LINE (http://line.me/en/) is an Instant Messenger style chat program created by NAVER Japan. It has gained popularity in Japan primarily because of the ability to use Stickers, which are fancy emote-pictures.
One of the other features about the application is that you can create groups and invite a large number of people to particapte in a chat. These groups are persistant and messages posted to the chat will be updated on your application when you open the group chat back up again even if you weren't looking at it.
The idea for this analysis package came to me when I realized that some of the groups I particpate in tend to see a lot of chatter. On an average day, 600 new messages/events posted in the chat. I got curious as to the content of what was being talked about. With nearly 300,000 events from a single chat, it seemed like an interesting thing to try.
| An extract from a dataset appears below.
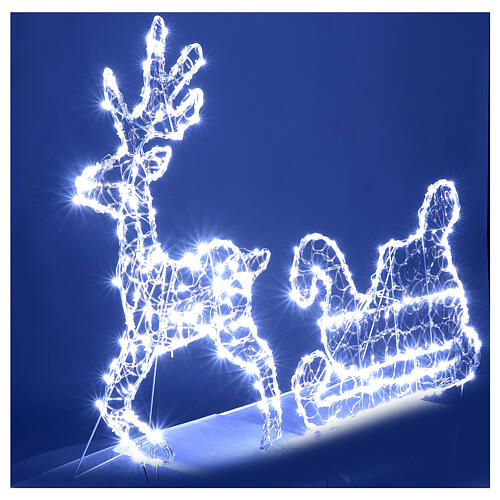 Renna Natalizia con slitta 2D 136x90 cm 200 LED 5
Learning Goals: Natural Language Processing using Python NLTK
Analysis that can be done (eventually).
Event counts and the ability to specify specific events types. Event distribution based on time of day or day of week.
Word Frequency distribution: Strip out STOP words, like "the" "a" "he," words with little content, and find out which words were mentioned the most.
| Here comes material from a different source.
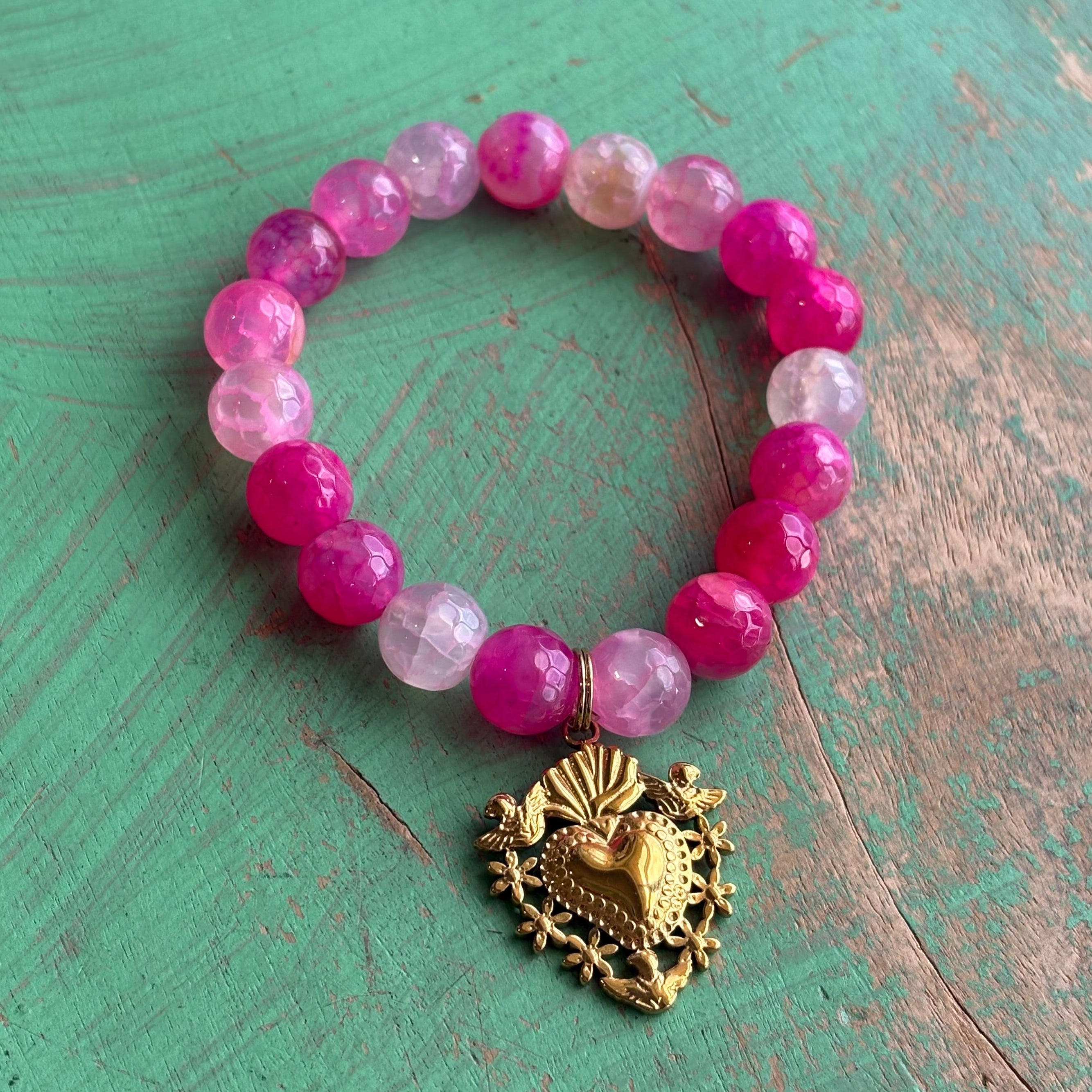 Pink Agate Angels Sacred Heart Bracelet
Word Frequency distrib. by User: Same as above but specify a specific user.
Topic clustering: This is the analysis I want to get to most. The idea is to try and cluster chunks of the chat and figure out what the topic is about. This is the most difficult as it will likely require me to build a corpus that better reflects the region that most people are in and the topics that might come up.
Corpus builder: Build a corpus from a chat?